-- TASK BRIEF --
Pictures in the data must not be copied, but everything else should be output exactly.

-- GIVEN MATERIAL --
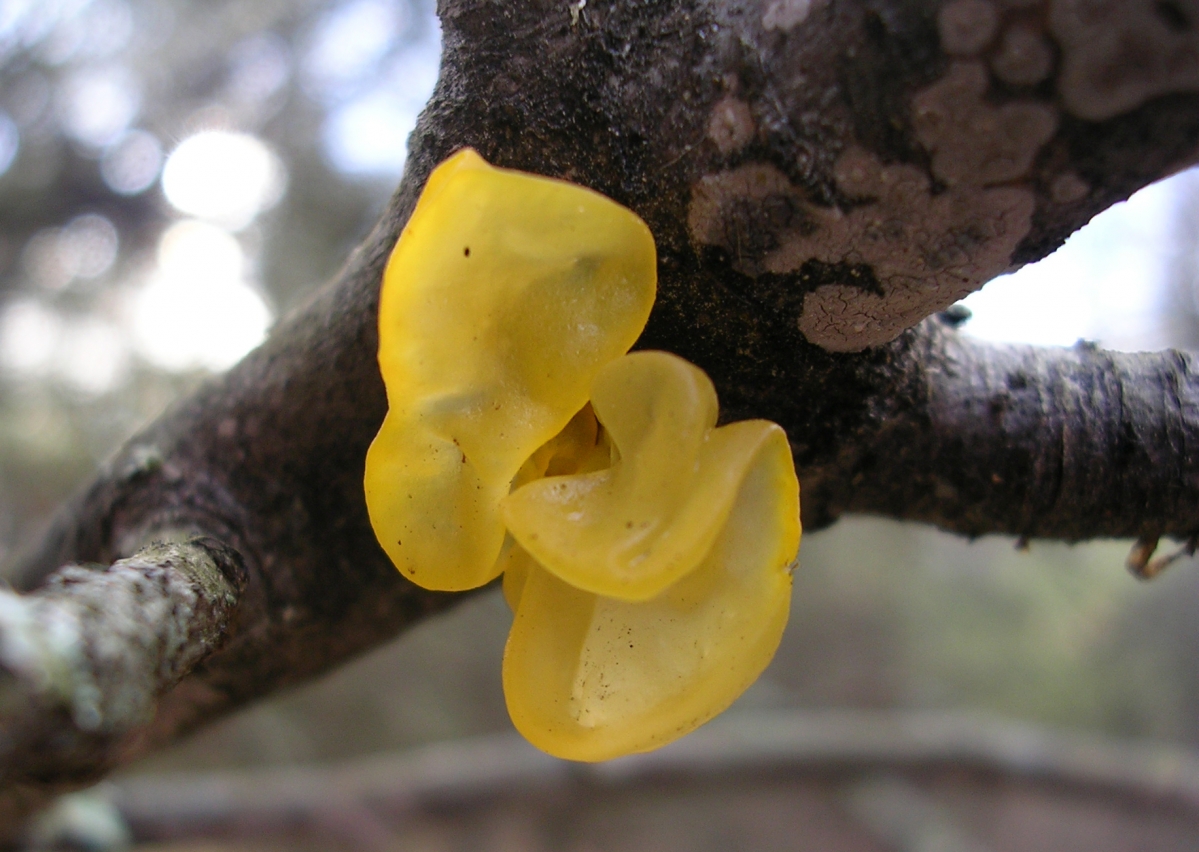 Tremella_mesenterica_branch.JPG
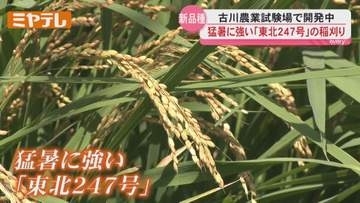味も収量も「ひとめぼれ」に遜色なく 猛暑に強いコメ新品種「東北247号」稲刈り＜宮城・大崎＞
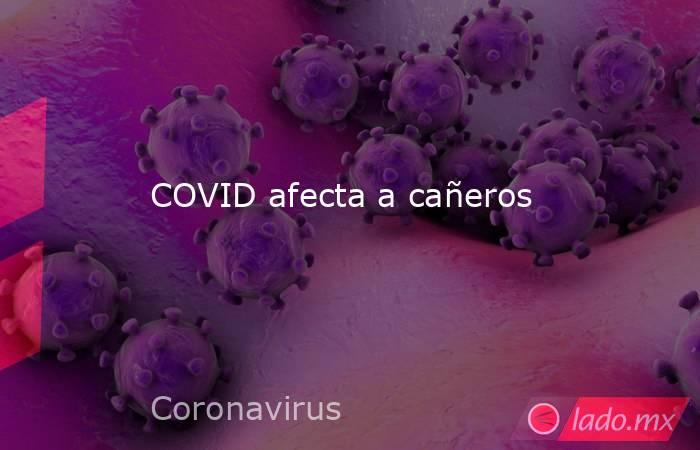 COVID afecta a cañeros. Noticias en tiempo real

-- COMPLETED EXERCISE --
 Tremella_mesenterica_branch.JPG
味も収量も「ひとめぼれ」に遜色なく 猛暑に強いコメ新品種「東北247号」稲刈り＜宮城・大崎＞
 COVID afecta a cañeros. Noticias en tiempo real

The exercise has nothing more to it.